L’approche finale du combat, à quelques minutes de s’enfermer pour se battre avec un autre mastodonte? "A l’entrée dans la cage, souvent, je fais un petit dernier sourire à mes gars car je sais qu’ils sont stressés pour moi, racontait-il il y a quelques mois dans le podcast RMC Fighter Club. A chaque fois, ça me fait rire, je les checke en mode tout va bien, c’est cool." Insouciant, "presque inconscient de ce qui va arriver" comme l’explique Lopez, qui a parfois fait face à des demandes inattendues. Désormais connue, l’anecdote dit tout sur son rapport particulier à la pression: Ciryl qui demande à son entraîneur de sortir l’application Shazam pour savoir quel son accompagne l’entrée de son adversaire alors qu’il attend pour pénétrer dans l’arène.
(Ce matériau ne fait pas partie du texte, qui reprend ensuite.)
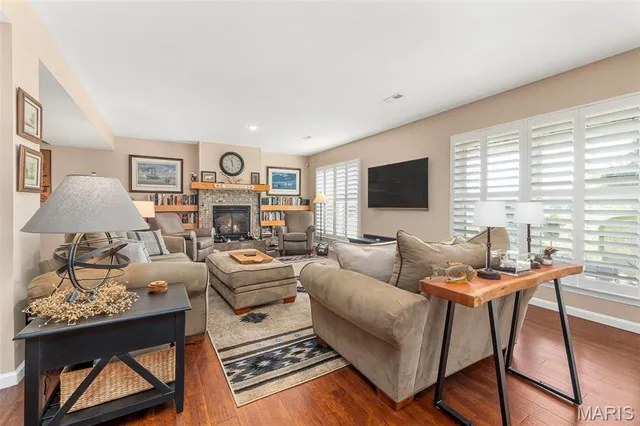 $289,000 | 145 Brickyard Drive, Golden Eagle, IL 62036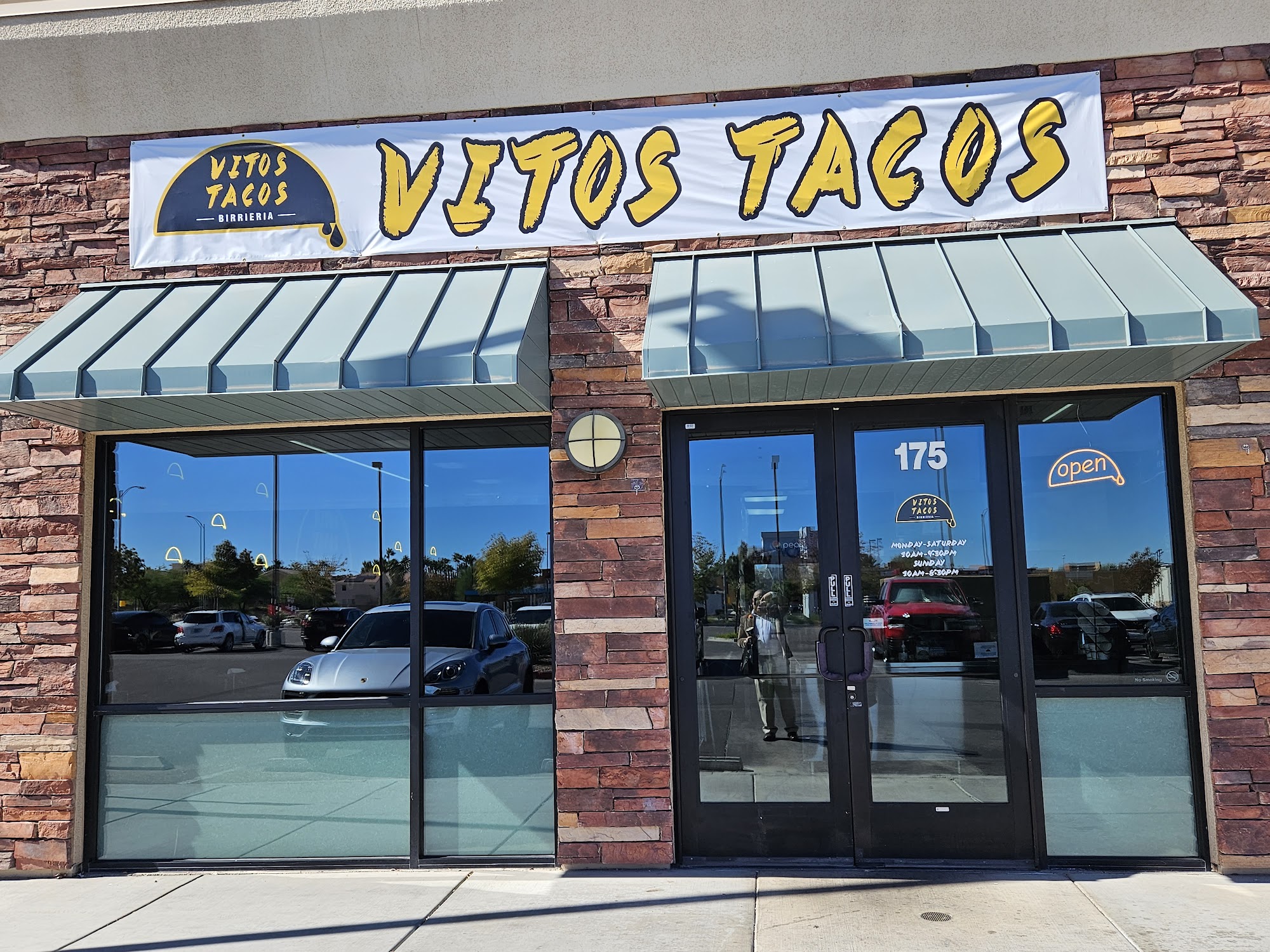 Vitos Tacos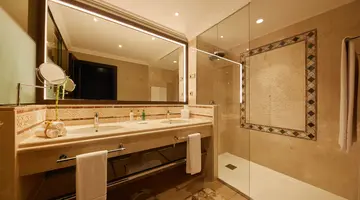 SECRETS BAHIA REAL RESORT & SPA ( ADUTLS ONLY +16)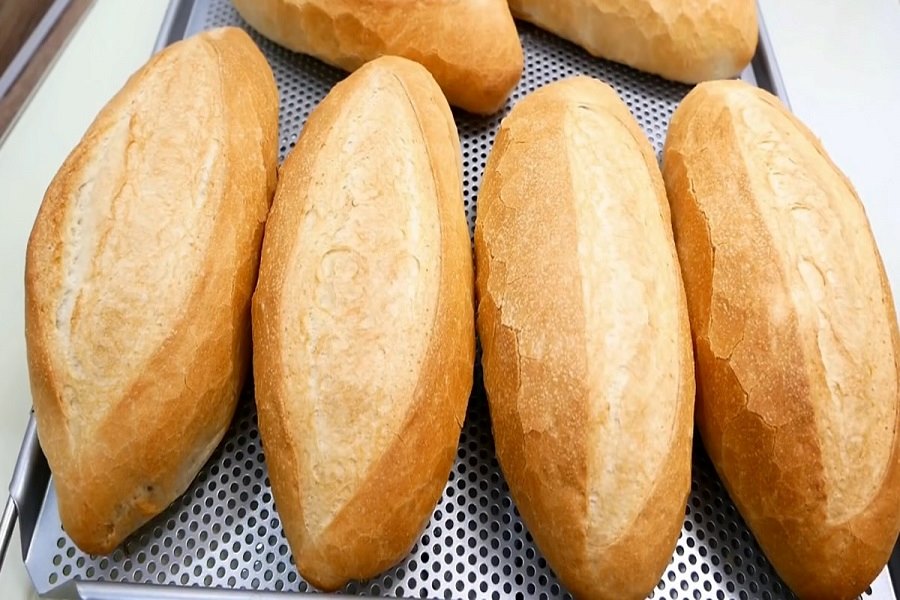 Buying ready bread in stores helps the preparation more easily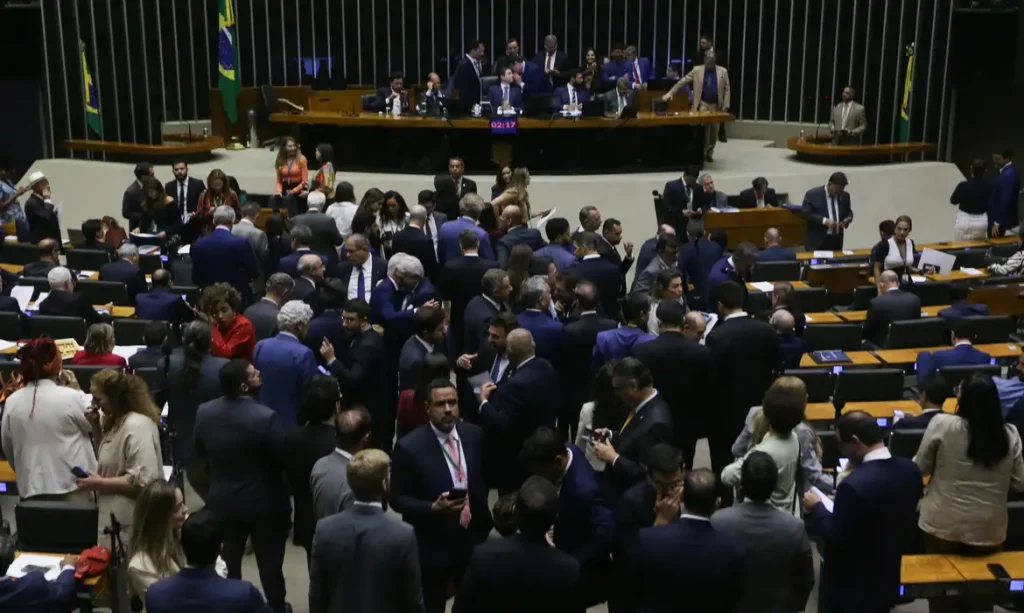 Sessão da Câmara dos Deputados durante votação da isenção do Imposto de Renda 2025
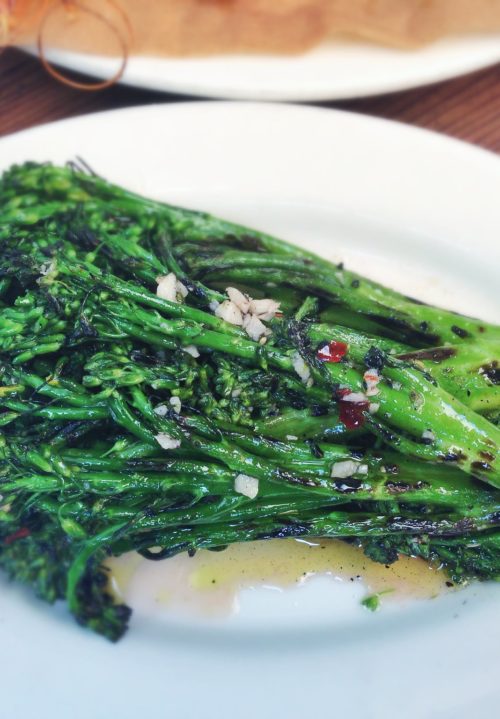 What's the Difference Between Broccolini, Broccoli Rabe, and Chinese Broccoli?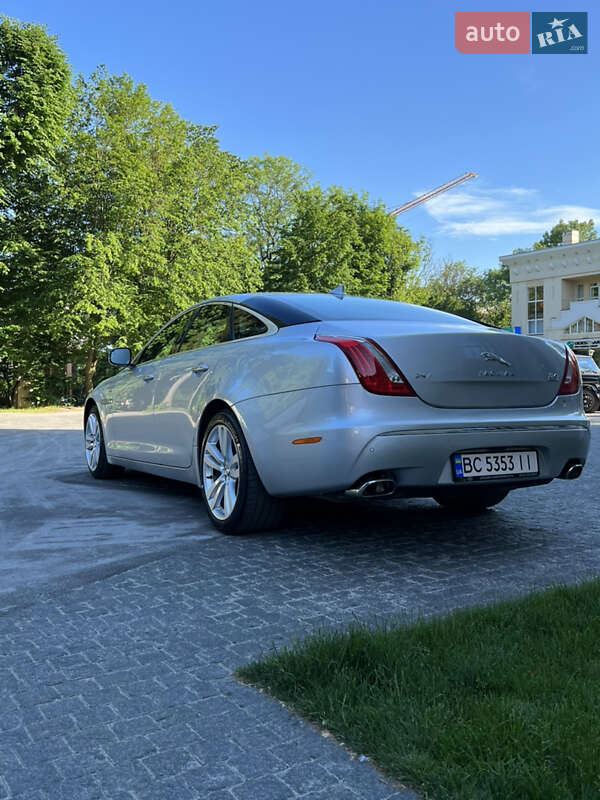 Седан Jaguar XJ 2013 в Львове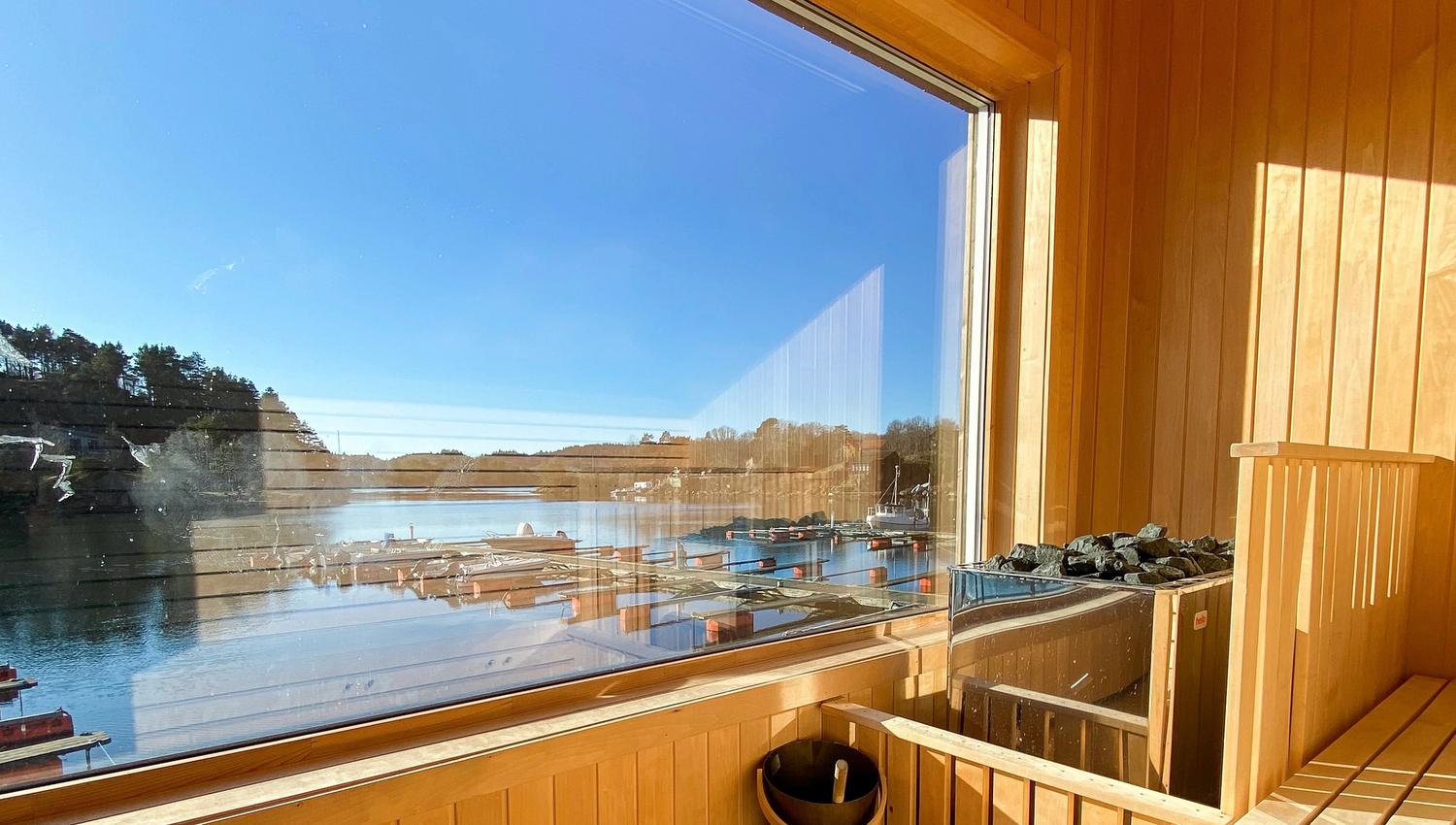Moderne badstue hos Tregde Sauna. Foto.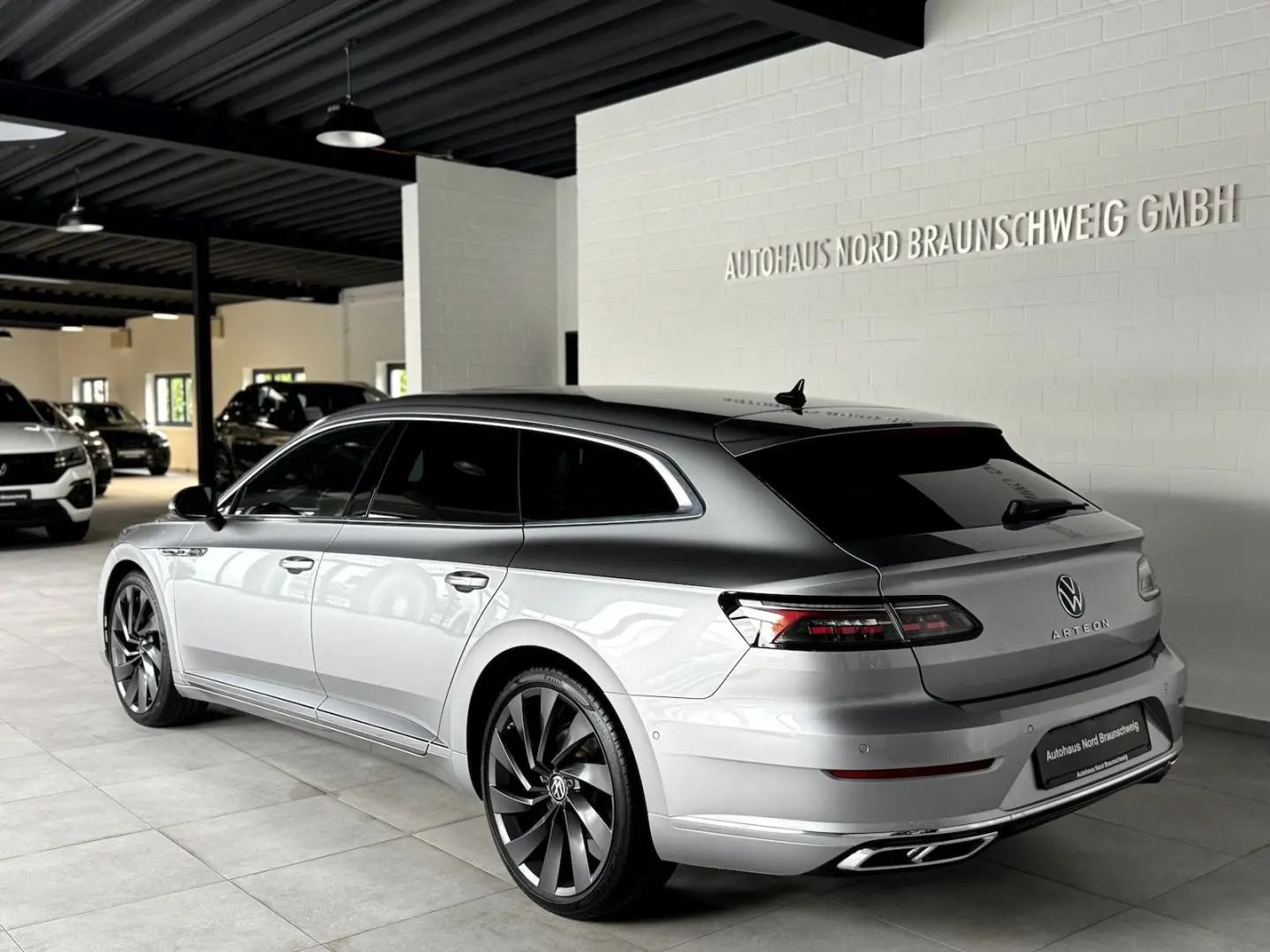 Arteon Shooting Brake 2.0 TSI R Line Pano IQ AHK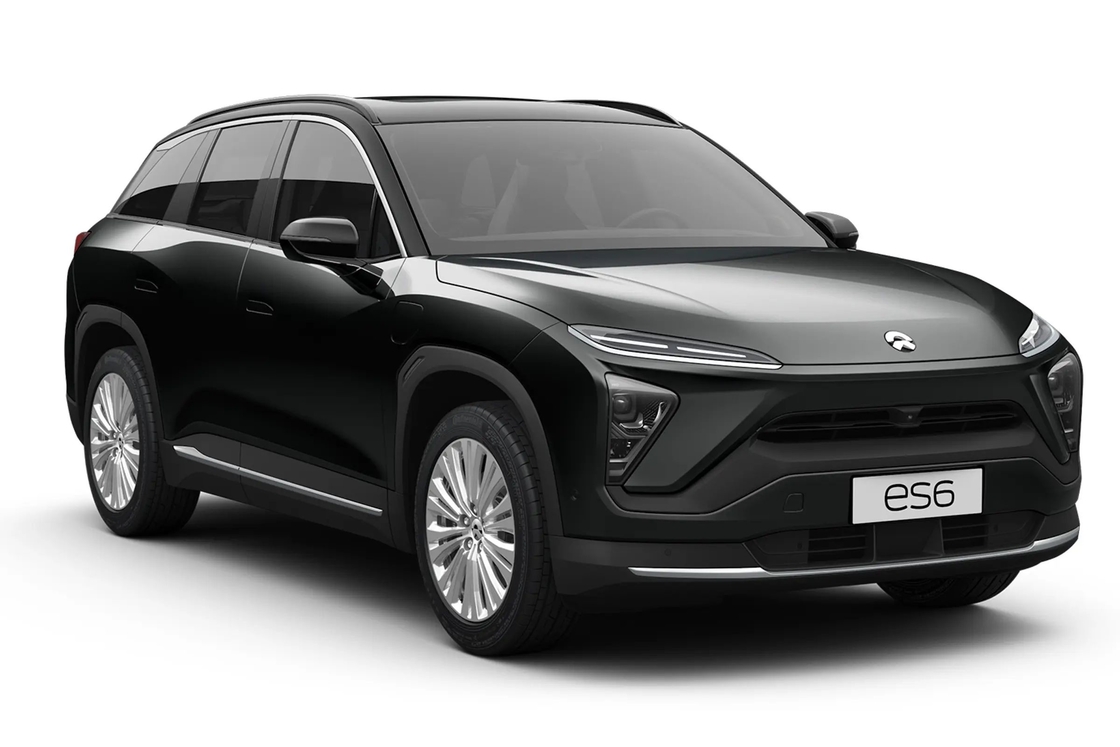 Auto eléctrico de tamaño medio ES6 NIO con tracción a todas las ruedas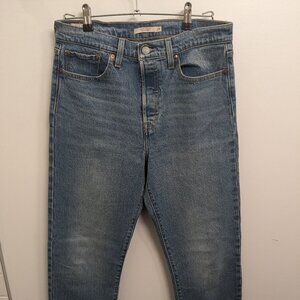 Barely worn Levi's Wedgie Straight Fit jeans
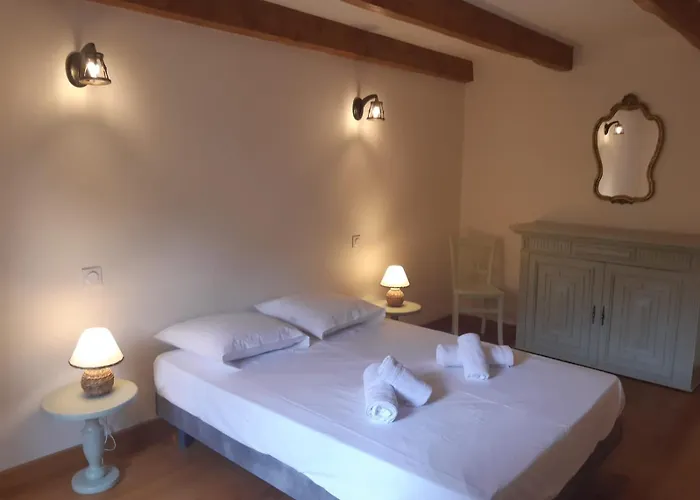 Amelie Lanuejouls-et-Privezac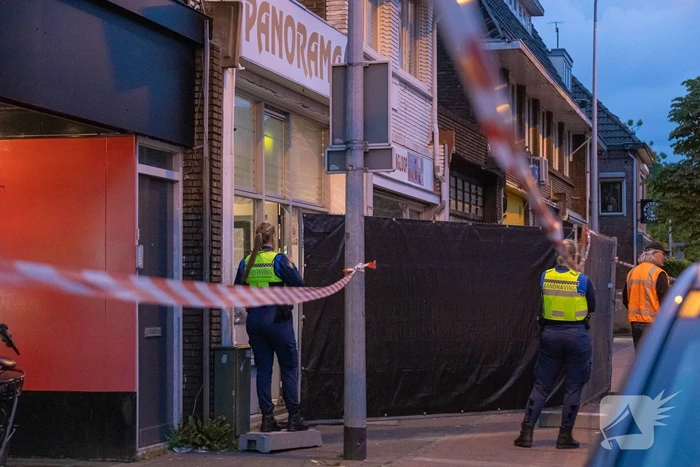 Specialistisch politieteam valt horecazaak binnen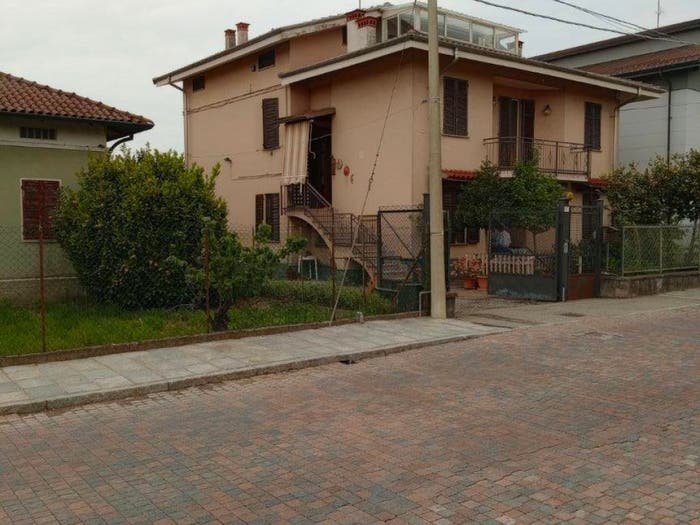 Casa con 6 locali in vendita in Via Roma, Centro, Balocco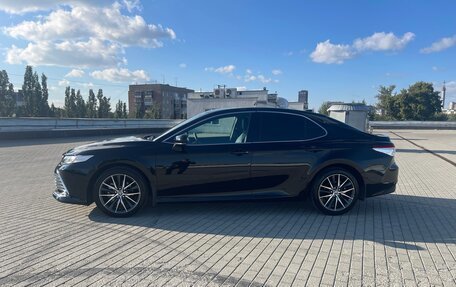 Toyota Camry, 2021 год, 3 950 000 рублей, 2 фотография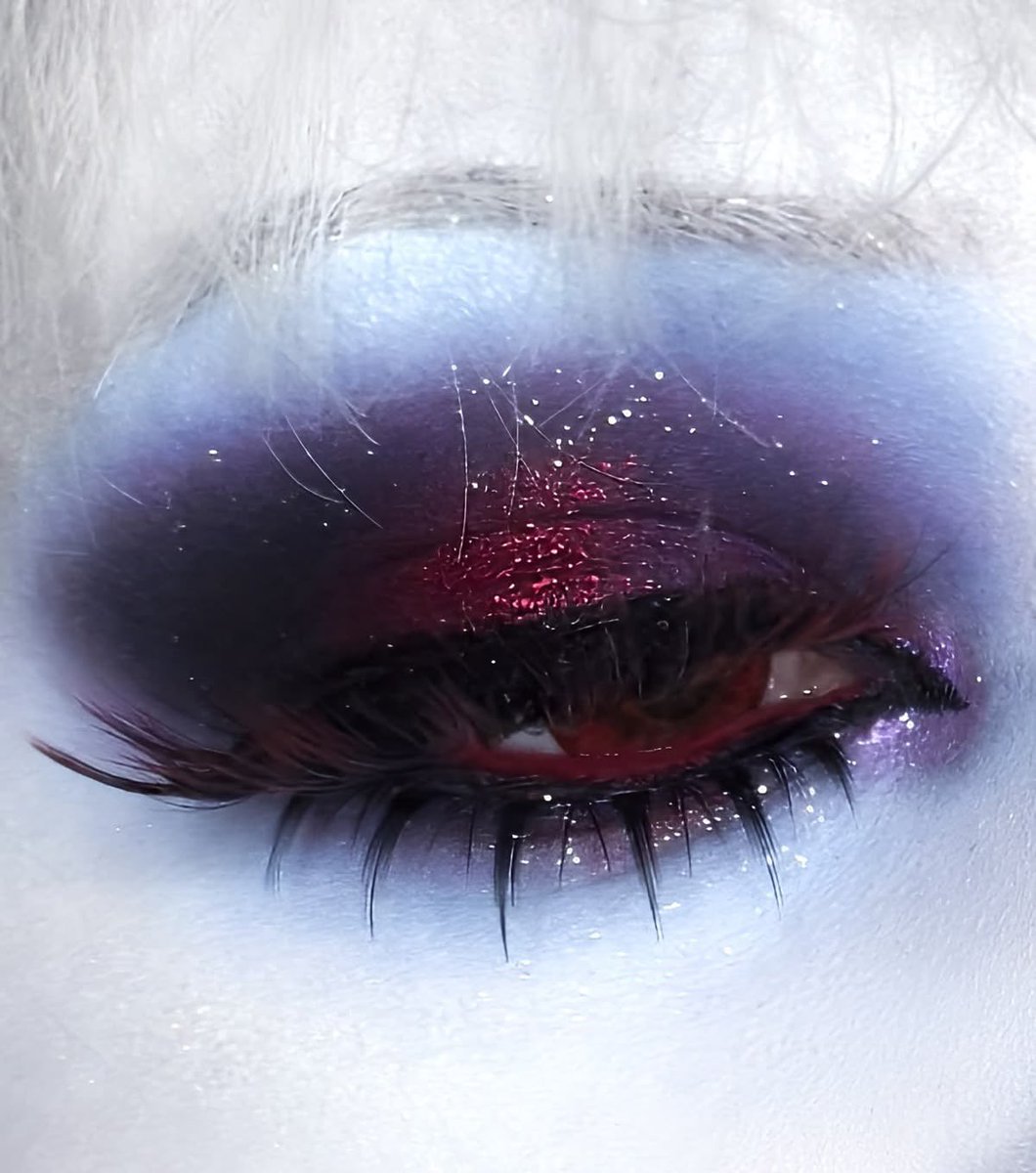 evergreenhues's tweet photo. Vampy Glam https://t.co/9dHTf5herk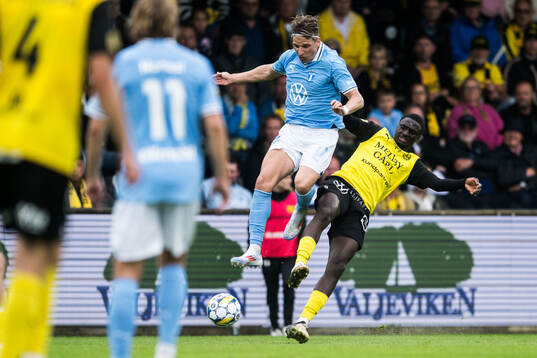 Malmö FFs Jens Stryger Larsen och Mjällbys Seedy Imam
"Le son est bon donc je le demande", sourit l’intéressé. "On est dans ce qu’on appelle le 'couloir de la mort', complète son coach. Quand tu rentres là-dedans, trois minutes après, tu marches pour combattre un mec qui veut t’arracher la vie. Et lui me demande ça. Là tu te dis: j’ai un fou avec moi, ce n’est pas un mec normal." Un doux dingue à la décontraction contagieuse. "Parfois, Fernand est en train de donner les consignes et il te parle, raconte Taylor Lapilus, son pote et partenaire d’entraînement au MMA Factory, consultant pour RMC Sport. Fernand nous interrompt pour dire: 'Oh les gars, je suis en train de parler'. Trente secondes après, si un mec dit un mot, il lâche bien fort: 'Oh les gars, Fernand est en train de parler là!' Il fait un peu le fayot pour se marrer et chambrer. Il est toujours en train de plaisanter."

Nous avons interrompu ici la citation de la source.